- Born: c. 1981 (age 44–45)
- Occupation: Novelist
- Children: 2
- Writing career
- Language: English
- Years active: 2014–present
- Genre: High fantasy
- Notable work: The Shadow of What Was Lost
- Website: jamesislington.com/about-me.html

= James Islington =

Australian author (born 1981)

James Islington (born c. 1981) is an Australian author best known for his high fantasy series The Licanius Trilogy. He is also the author of the first two books of the Hierarchy series, the 2023 novel The Will of the Many, and 2025 novel The Strength of the Few.

==Career==
Prior to becoming a writer, Islington ran a tech startup. Though he always liked the idea of becoming an author, he only began writing seriously at the age of 30. Islington originally self-published The Shadow of What Was Lost in 2014. He signed a deal with Orbit Books less than a year later. He has published two sequel novels, entitled An Echo of Things to Come (2017) and The Light of All That Falls (2019). Islington stated that writing the second novel was much more stressful than writing his debut novel, in part because of the increased pressure that comes from being signed by a major publishing company.

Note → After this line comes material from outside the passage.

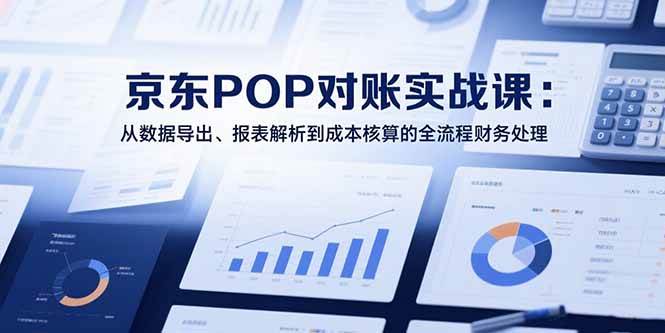 （15447期）2025京东POP对账实战课：从数据导出、报表解析到成本核算的全流程财务处理-大伟资源网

== The Licanius Trilogy ==
The first book in the series - The Shadow of What Was Lost - generally received positive reviews. Critics praised the novel's complex magic, political intrigue and varied cast of characters. Some critics, however, argued the premise was somewhat unoriginal.

== The Hierarchy ==
The Will of the Many is the first book in The Hierarchy book series. It is an epic fantasy novel and was published by Saga Press in 2023.
The audiobook edition of the second book, The Strength of the Few, narrated by Euan Morton, reached #1 on Audible's bestseller lists in three categories on its release day, November 11, 2025: Historical Fantasy, Action & Adventure Fantasy, and Epic Fantasy. That same month, Sony Pictures purchased the rights to adapt the series to film.

==Bibliography==
===The Licanius Trilogy===
1. The Shadow of What Was Lost. (4 August 2014). Originally self-published, later Orbit Books. ISBN 9780992580209
2. An Echo of Things to Come. (22 August 2017). Orbit. ISBN 9780316274111
3. The Light of All That Falls. (10 December 2019). Orbit. ISBN 9780356507835

===The Hierarchy===
1. The Will of the Many (23 May 2023). Gallery/Saga Press. ISBN 9781982141172
2. The Strength of the Few (11 November 2025). Gallery/Saga Press. ISBN 9781982141233
3. The Justice of One (expected 2027)

===Scion===
1. Scion (1 September 2026). Saga Press. ISBN 9781668239247

==Personal life==
Islington was born and raised in Victoria, Australia. He and his wife live on the Mornington Peninsula. They have two children.